The Hess-Ives Hicro (Color) Camera - Photographic Canadiana
This unique and fascinating camera has been discussed quite a bit in this thread about one-shot cameras. It's the the Hess-Ives Hicro color camera, designed by F.E. Ives. It is one of the earliest attempts at a mass marketed color camera and printing system.
Robert Lansdale, a member of the Photographic Historical Society of Canada, found one of these relics at a trade show and simply had to know more. Consequently, he wrote up an excellent story in Photographic Canadiana, vol. 38. The PDF is available thru the following link...

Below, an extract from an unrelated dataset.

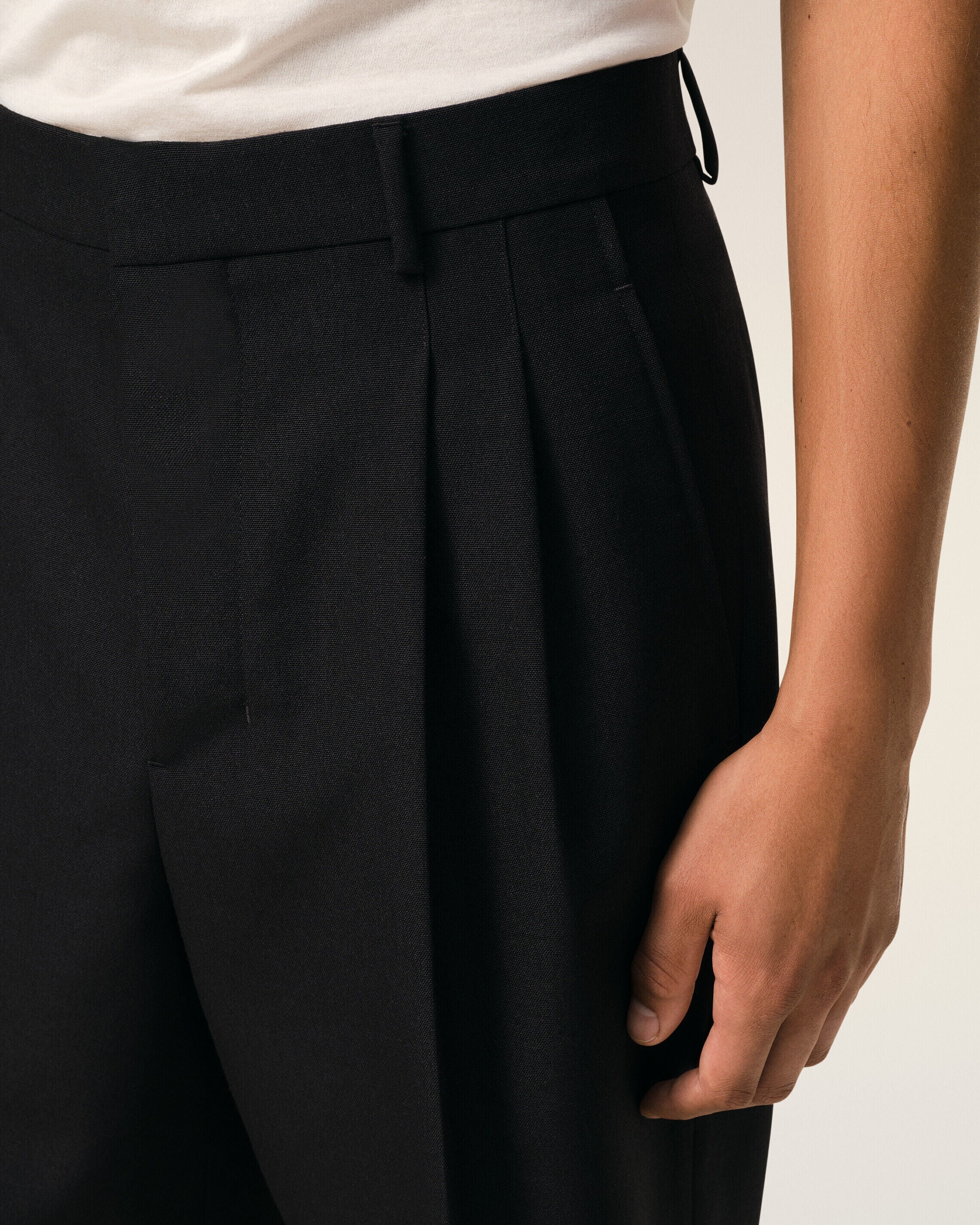 Black New Wool Low Waist Wide Bermuda Shorts
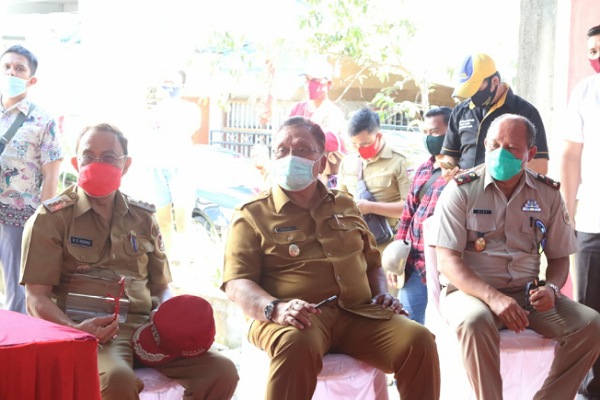 ROR RD Dampingi Gubernur Olly Serahkan Sertifikat Pendaftaran Tanah Sistematis Lengkap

http://s000.tinyupload.com/?file_id=...03999925599808 (the hyperlink to click is in the lower right hand corner in rather plain looking text, "HICRO STORY PC VOL 38-1 single.pdf"; don't be fooled by the ads/banners that also say "download")
I strongly suspect that no more comprehensive account of this tri-color camera has ever been written; with a very complete discussion of how the system works, the photographer's that utilized it, the press it received, the marketing they undertook, and a color supplement with a number of prints & photos of the camera.
Hope you enjoy!
And thanks to Bob for allowing me to share it here.
Last edited by holmburgers; 05-16-2012 at 12:39 PM. Click to view previous post history.
It's not a gum print, but a form of imbibition (dye transfer) printing. The dyes were...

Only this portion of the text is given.